** Opening Source information block **

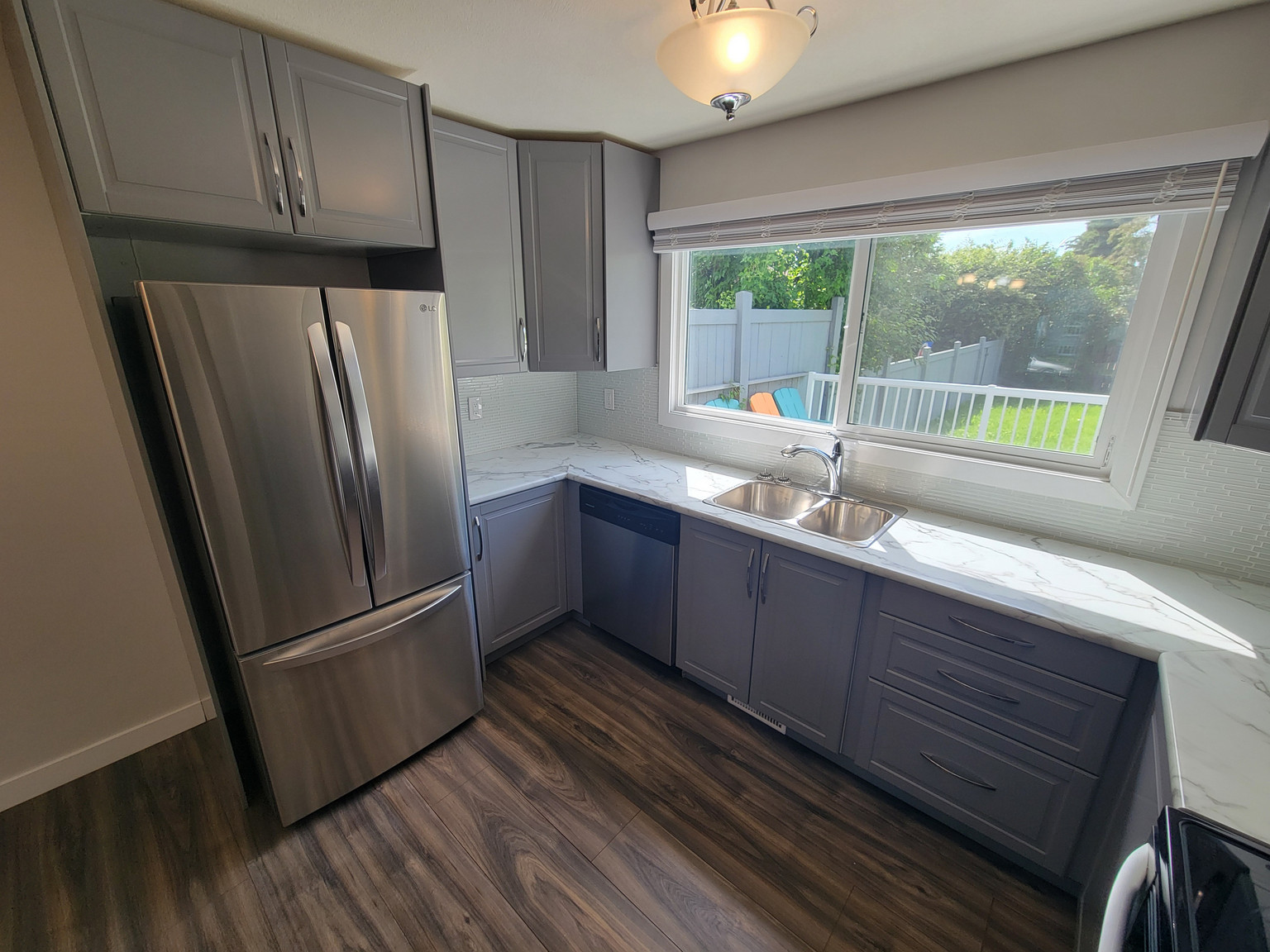 14214 32 Street NW - Photo 2
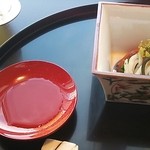 京都 吉兆 - 食前酒・向付(白魚と季節の野菜)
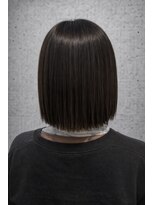 テラ(terra)&nbsp;小顔効果抜群のワイドバング×ストレートボブ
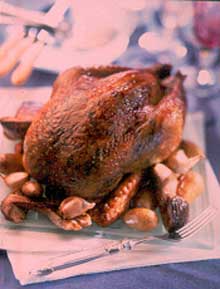 Pintade truffée de beurre cru aux cèpes et persil en cocotte
Photo : © Yves Bagros / SOPEXA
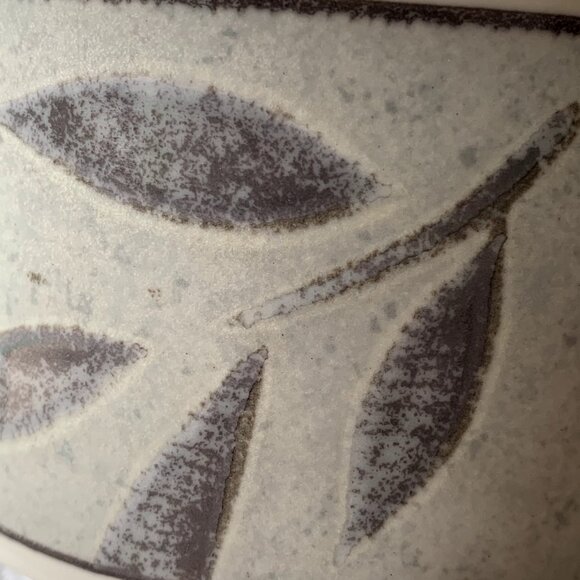 Vtg MIKASA Intaglio Nature's Breeze Gray Bowl with Lid - Picture 10 of 12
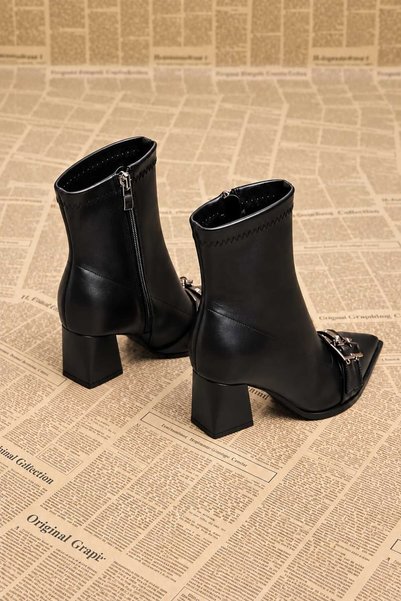 NiceDiffer Pointed Toe Double Buckle Detail Black Short Thick Heel Women's Boots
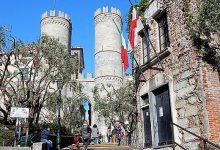 Porta Soprana ve Casa di Cristoforo Colombo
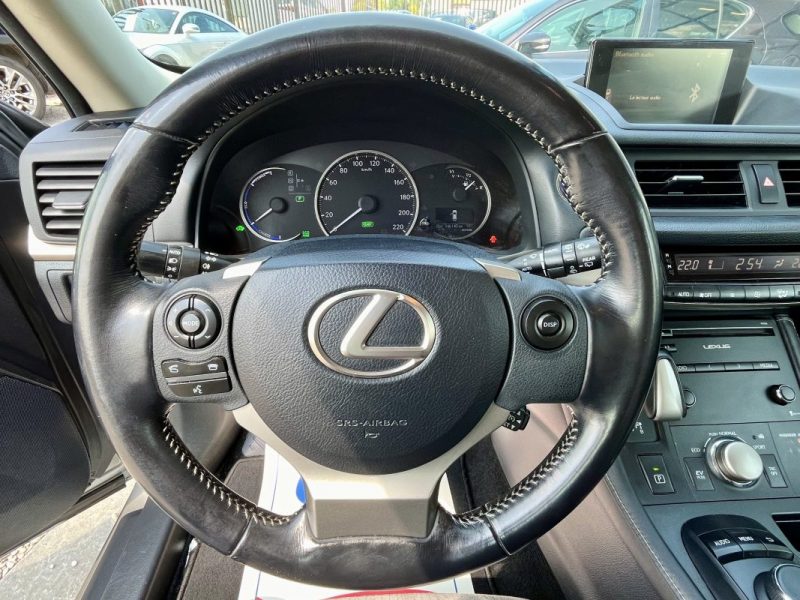 LEXUS CT200H 136cv Design pack Confort Phase 2 10/2015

** Closing Source information block **

Assignment
Go to the line that contains "Porta Soprana ve Casa di Cristoforo Colombo" and copy it and every line after it through the end of the entries, exactly, without the pictures.

Expected answer
 Porta Soprana ve Casa di Cristoforo Colombo
 LEXUS CT200H 136cv Design pack Confort Phase 2 10/2015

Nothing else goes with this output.